Because I think quaternions represent the 4-dimensionality and metric used in special relativity. See:
A quaternion is a generalized complex number:
$$A = a_t + ia_x + ja_y + ka_z$$
with the fundamental equation
$$i^2 = j^2 = k^2 = ijk = -1.$$
Quaternions are not commutative, for instance
$$ij = -ji = k.$$
Let's define
$$A_3 = ia_x + ja_y + ka_z$$
and the dot and cross products as usual for 3-vectors, then the product of two quaternions is
$$AB = a_tb_t + a_tB_3 + A_3b_t - A_3 \cdot B_3 + A_3 \times B_3.$$
Thus,
$$\frac{1}{2}(AB - BA) = A_3 \times B_3$$
and
$$\frac{1}{2}(AB + BA) = a_tb_t + a_tB_3 + A_3b_t - A_3 \cdot B_3.$$
Let's define the commutator
$$\left[A,B\right] = \frac{1}{2}(AB - BA)$$
and the anticommutator
$$\left<A,B\right> = \frac{1}{2}(AB + BA).$$
Now for physics.

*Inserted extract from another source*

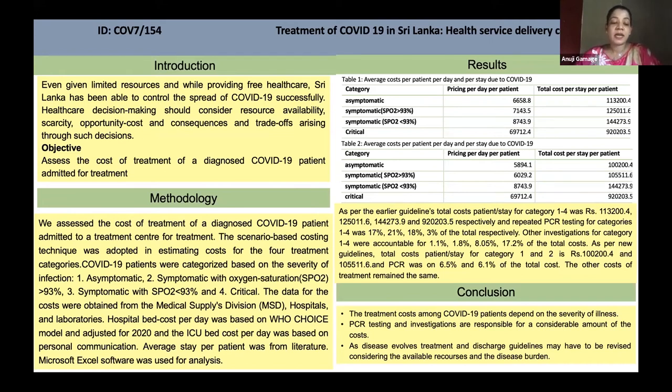Other investigations for categories 1 to 4 accounted for 1.1%, 1.8%, 8.5%, and 17.2% of the total costs. As per the new guidelines, total cost per patient per day for categories 1 and 2 is approximately rupees 100,000 and 106,000, and PCR accounted for 6.5% and 6.1% of the total cost. The other costs of treatment remain the same.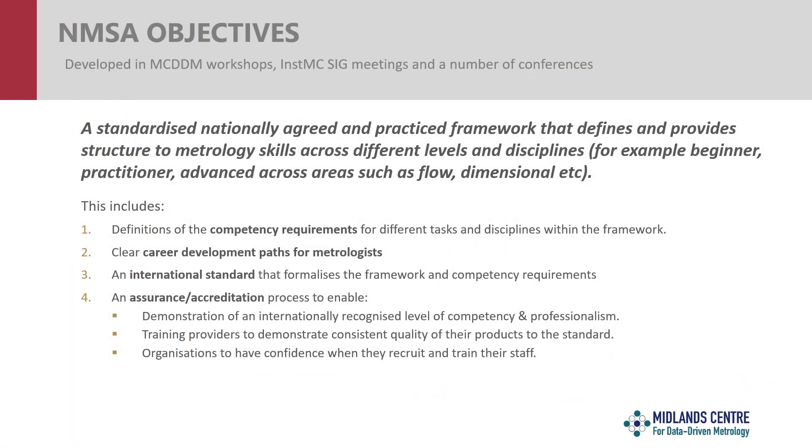The objectives of the National Metrology Skills Alliance are to implement a standard for metrology skills that covers different skill levels — from beginners through to much more experienced metrologists — and different disciplines within metrology such as flow, dimensional, temperature, control, or force. Within that framework we want to define the competency requirements, the things people need to be able to do to perform typical metrology tasks. We want to define a clear career development path for metrologists, implement this within an international standard, and then have an assurance or accreditation process so that individuals can demonstrate their level of competence against the standard.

Let's define the differential operator
$$\nabla = \frac{\partial}{\partial t} + i \frac{\partial}{\partial x} + j \frac{\partial}{\partial y} + k \frac{\partial}{\partial z}.$$
Then Maxwell's equations can be written
1. Coulomb's law: $$\left<\nabla, E\right> = \nabla_tE - 4\pi J_0$$
2. Ampere's law: $$\left[\nabla, B\right] = \nabla_tE + 4\pi J_3$$
3. Faraday's law: $$\left[\nabla, E\right] = -\nabla_tB$$
4. No magnetic monopoles: $$\left<\nabla, B\right> = \nabla_tB.$$
Now if we use a vector potental written as a quaternion A, which satisfies Lorentz's condition
$$\nabla_t a_t - \nabla_3 \cdot A_3 = 0$$
and let
$$E = -\frac{1}{2}\left<\nabla,A\right>$$
$$B = \frac{1}{2}\left[\nabla,A\right]$$
then Maxwell's equations reduce nicely to two wave equations:
$$4 \pi J = \frac{1}{2}\left<\nabla^2,A\right>$$
$$\nabla_t B = \frac{1}{2}\left[\nabla^2,A\right].$$
That's my result so far. Any comments?

Last edited: Dec 6, 2003
2. Dec 6, 2003

### Hurkyl

Staff Emeritus
I know what you mean, but taking things literally, $\nabla A$ is a quaternion function, but $A \nabla$ is a differential operator. Looking at individual pieces, then for instance, $x (\partial / \partial x) \neq (\partial / \partial x) x$

3. Dec 6, 2003

### arcnets

Hurkyl,
yes they look like differential operators, but that's no problem. If you analyze my formulae, you'll see:
$$B\nabla = \nabla_t(B-E) - 4 \pi J_3$$
and
$$E\nabla = \nabla_t(B+E) - 4 \pi J_0.$$
Similarly for $A\nabla$ and $A\nabla^2$.

4. Dec 7, 2003

### arcnets

"No problem"? - I must have been blind!
Hurkyl, I think you pointed out the weak spot.
Of course, the expressions for dot and cross products don't work if the vectors themselves don't commute.
Maybe that can be repaired with extra definitions... but probably it won't be so elegant...